Hydroelectric Resource Evaluation: Mountains of Hatillo
For: [ redacted ]
By: Paul Collar
Osa Water Works, S.A.
Puerto Jimenez Costa Rica
May 18, 2008
INTRODUCTION AND OBJECTIVES
On May 16, 2008, a site survey was undertaken by Alexander Hruby and Paul Collar of a finca in the mountains behind Hatillo. The objective of the study was to define the hydroelectric potential of the stream that transects the property.
FIELD FINDINGS
A plano of the property was not available, so the trajectory of the hike is referenced only to verbally indicated place names, including: 1) the entrance to the property; 2) the building site; 3) the waterfall base; and 4) the river base (the furthest point that can be reached by vehicle.
Figure 1 shows the field track defined by the GPS used in the field survey. Figure 2 shows the locations of the waypoints imported into Google Earth. Unfortunately, the low resolution of the satellite coverage of this particular area makes features indistinguishable, at least until the coverage is updated with new satellite imagery.
Figure 1. Trajectory of field hike: 635: entrance to property; 637: building site; 639: waterfall base; 641: river base.
Figure 2. Location of waypoints taken during field hike shown in Google Earth.
Figure 3 is a graph showing the relative elevations of the places visited in the field. A datum of 0 was assigned to the river base and corresponds approximately to the lowest river elevation on the finca.
Figure 3. Energy diagram showing the elevations of the points visited during the field survey.
Figure 3 reveals that from the waterfall base to the river base there is a vertical relief of 40 meters. Whereas we did not climb to the top of the waterfall to get an altimeter reading, we estimated the height of the waterfall at 30 meters.
A flow rate of 1500 gpm +/- 30% was estimated at the base of the waterfall. Hruby reports that at the driest time of the year, flow is approximately 1/3 this amount. During rainy season months, my experience would lead me to estimate that rainy season flows average 2-5 times the flow rate observed on our field investigation.
The hydroelectric potential of the stream varies dramatically according to the season, therefore, and also varies according to whether the intake is situated above the waterfall or below the waterfall.
ENGINEERING ANALYSIS
Dry Season Hydroelectric Potential
If we assume a flow of 500 gpm at the driest time of the year and divert one half of that amount for hydroelectric power generation, we can do so comfortably in a four-inch pipe. A flow of 250 gpm corresponds to a hydroelectric potential of 3 kw presuming an intake at the base of the waterfall. If this flow is diverted from the top of the waterfall, the hydroelectric potential is 5.2 kw.

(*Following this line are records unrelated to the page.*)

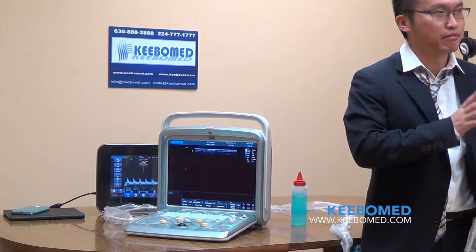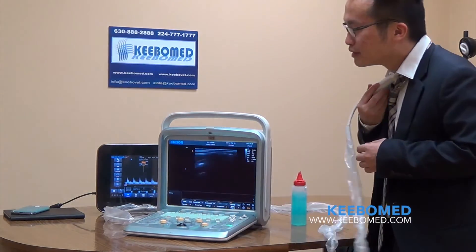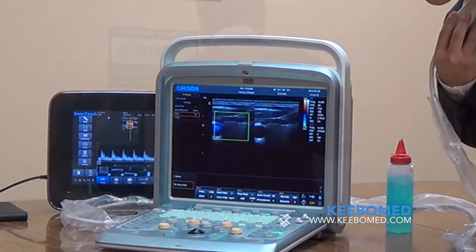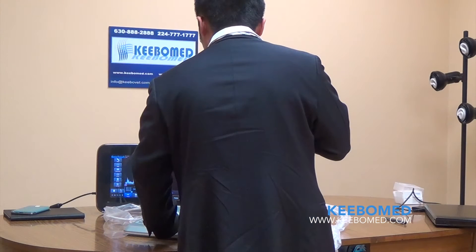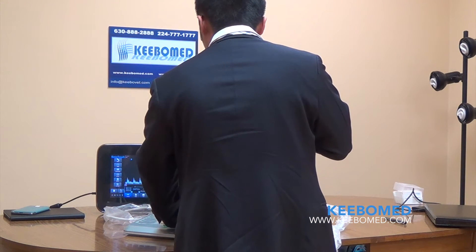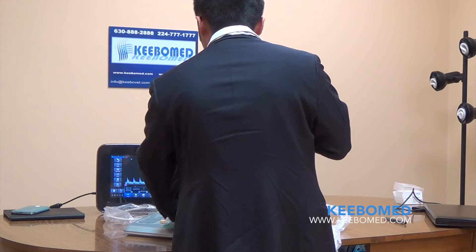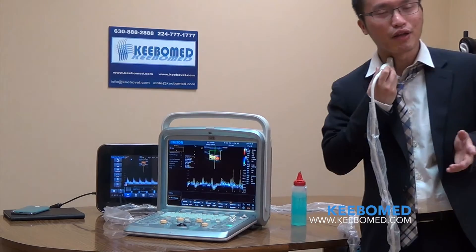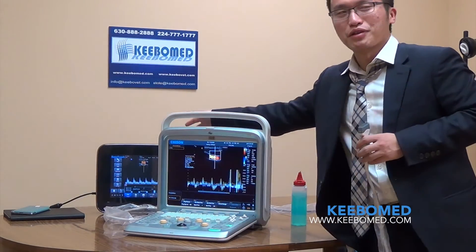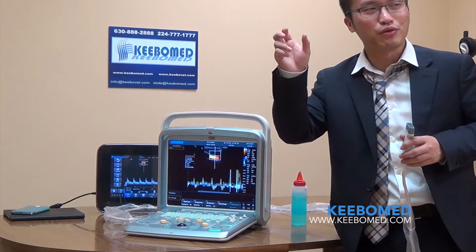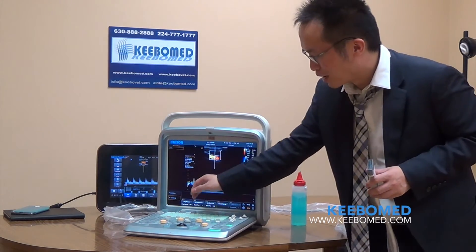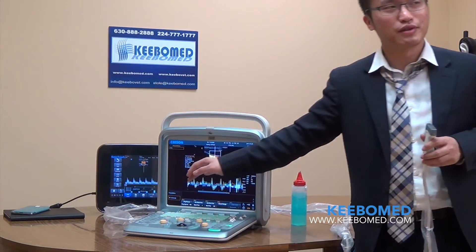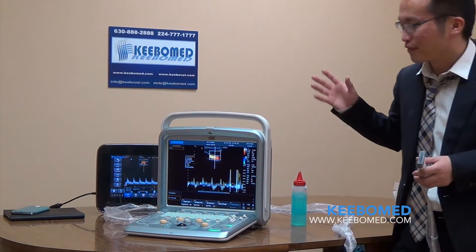We also have new features like BBC mode — B mode and color mode running in real time simultaneously. Unlike other ultrasound systems that require freezing first, on the Q9 you can perform measurements even in real time. This is another key feature of the Q9.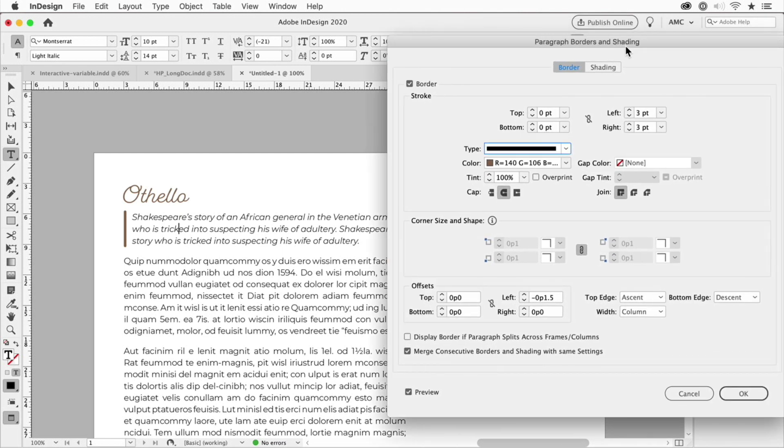But I want to turn that off because I just want to show one on the left. I often use this when I'm doing captions or callouts that I want one stroke on the left or the right of a paragraph.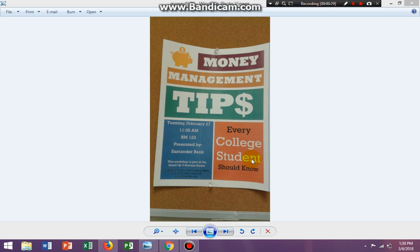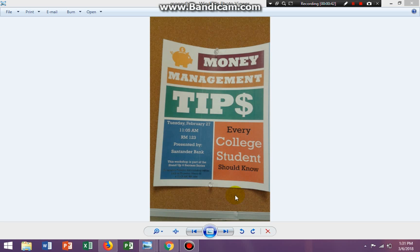Now I did upload the flyer to Web Study and I'm sending this flyer to you in your school email. So make sure that you have the flyer, alright.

Since this potential is too low to sustain a house with power using an AC-Direct mini-hydroelectric configuration, it is most practical to capitalize on this power with a micro-hydroelectric system that includes inverter, battery bank, and charge controller. In this manner, energy that is not consumed as it is generated is stored in batteries rather than having to be wasted as heat. Correspondingly when power demands exceed the instantaneous hydroelectric production, the excess power is withdrawn from the battery bank so that power demands in excess of generation rate can be sustained as a function of the battery bank capacity presuming that periods of lower demand (at night for instance) are adequate to recharge the batteries.
Rainy Season Hydroelectric Potential
In the rainy season, diversion of 1500 gpm through a 12” pipeline would provide a mini-hydroelectric potential of 40.3 kw from the top of the waterfall and 23 kw from the base. While this is expected to be adequate to provide even peak energy demands of a relatively well-anointed villa (exclusive of air conditioning), any energy not used during power generation must either be burned off as heat or else distributed to the national power grid.
DISCUSSION
Despite the high rainy season hydroelectric potential, it is the dry season summer months that typically are the highest occupancy periods and require both the greatest amount of power and water. For this reason, a rational approach to facility planning must be able to satisfy the demands of the months December through April. Once the demands of these summer months are accommodated, the remainder of the year will pretty much fall into place.
On an annualized basis, if there were a grid connection, and if the facility were able to negotiate the sale of excess energy to the grid, then a 40-75 kw mini-hydroelectric facility would almost certainly be the preferred alternative economically. Under this alternative, excess power would be sold to the electrical utility during the rainy months, and during the summer months when the mini-hydroelectric would either be turned off or operated at a diminished capacity, energy would be purchased from the grid. It is expected that the facility would have substantial net revenues that would be the basis for calculating return on investment and payback period for the non-trivial capital investment in pipeline, power generation equipment, grid extension, and power transmission.
However, the above configuration does not provide for energy independence from the grid and would leave the facility vulnerable to regional and national power outages and brown-outs. A micro-hydroelectric configuration, on the other hand, would enable reliable, consistent, environmentally sustainable hydroelectric power generation all year round. Since micro-hydro turbines can be added in a modular sense, the system can be operated at varying power generation capacities depending on how much water is available and how much energy is desired.
Another dramatic advantage of a battery/inverter based system is that separate charging sources can be used simultaneously. So, solar panels, wind turbines, even fossil fuel power generation sources can be connected to the system, all contributing to the power reserves available, all automated. In this manner, solar panels are able to contribute additional power during the dry months when there is less water and more sun. And in the rainy months, hydroelectric power is able to provide essentially any foreseeable power demand. As a backup, a generator can be deployed that will automatically start if sustained high demands exceed the capacity of the batteries.
RECOMMENDATIONS
The stream on the property provides considerable versatility to the energy planning for development of the Hatillo finca. In purely economic terms, it is likely to be favorable to go the route of large-scale mini-hydroelectric, presuming that terms can be negotiated for sale of excess power to the grid. However, for environmental sustainability, energy independence, and optimization of resource potential, a micro-hydroelectric configuration is without question the most efficient use of available resources.
The eventual system design must necessarily be predicated on the anticipated facility power demands. For a robust energy system year round, it is likely that a six – eight inch pipeline will enable scaling of power production from an expected low of 72 kw per day in the summer time (diverting only one half of available water from the base of the waterfall) to a high of 430 kw per day in the winter time (eight inch pipeline from top of waterfall). Summertime facility power demands would then determine the number of solar panels (or wind turbines) needed to supplement summertime hydroelectric demands in a hybrid power co-generation system.